Logo Questions Linux Laravel Mysql Ubuntu Git Menu
 

Passing List<int> by ref [duplicate]

Tags:

c#

ref

Possible Duplicate:
passing in object by ref

With the code below, the output would be:

Without:
With:1

Code:

    static void Main(string[] args)
    {
        var listWithoutRef = new List<int>();
        WithoutRef(listWithoutRef);
        Console.WriteLine("Without:" + string.Join(" ", listWithoutRef));

        var listWithRef = new List<int>();
        WithRef(ref listWithRef);
        Console.WriteLine("With:" + string.Join(" ", listWithRef));
    }

    static void WithoutRef(List<int> inList)
    {
        inList = new List<int>(new int[] { 1 });
    }

    static void WithRef(ref List<int> inList)
    {
        inList = new List<int>(new int[] { 1 });
    }

By just looking at this, I would have said that a List is on the Heap, and so is passed by ref anyway, so they should be the same? Am I misunderstanding the ref keyword? Or am I missing something else?

like image 742
Richard Avatar asked Mar 27 '26 03:03

Richard


1 Answers

Am I misunderstanding the ref keyword? Or am I missing something else?

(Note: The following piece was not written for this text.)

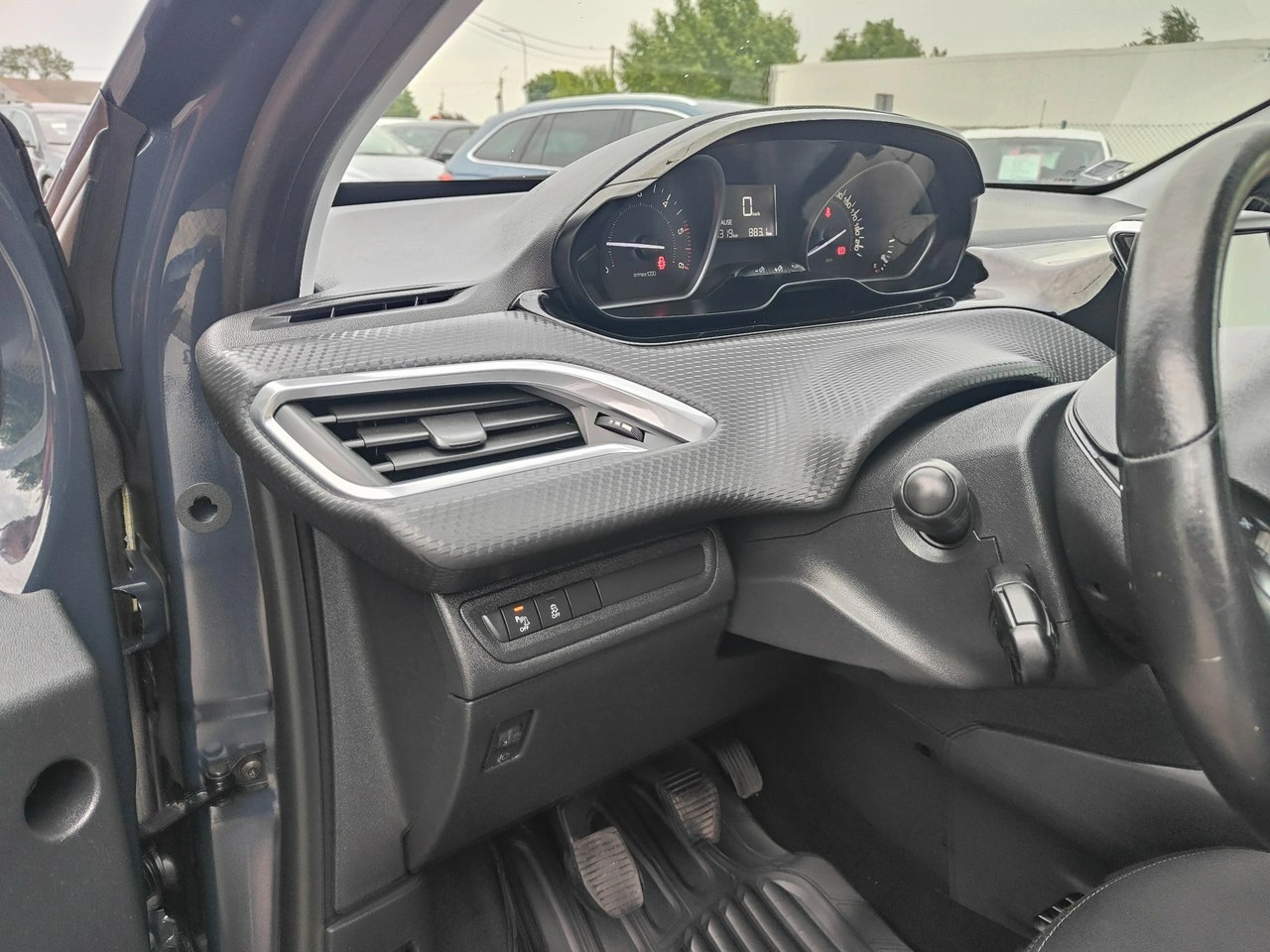 Peugeot 208 - Zdjęcie 9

Yes. You're not passing the list itself to the method, but rather passing the reference to the list by reference. This lets you change the reference (the List<int> that listWithRef actual refers to) within the method, and have it reflect.

Without using the ref keyword, your method can't change the reference to the list - the actual list storage mechanism is unchanged in either case.

Note that this isn't required if you just want to use the list. You can call List<int>.Add within either method, for example, and the list will get new items added to it. Ref is only required with reference types to change the reference itself.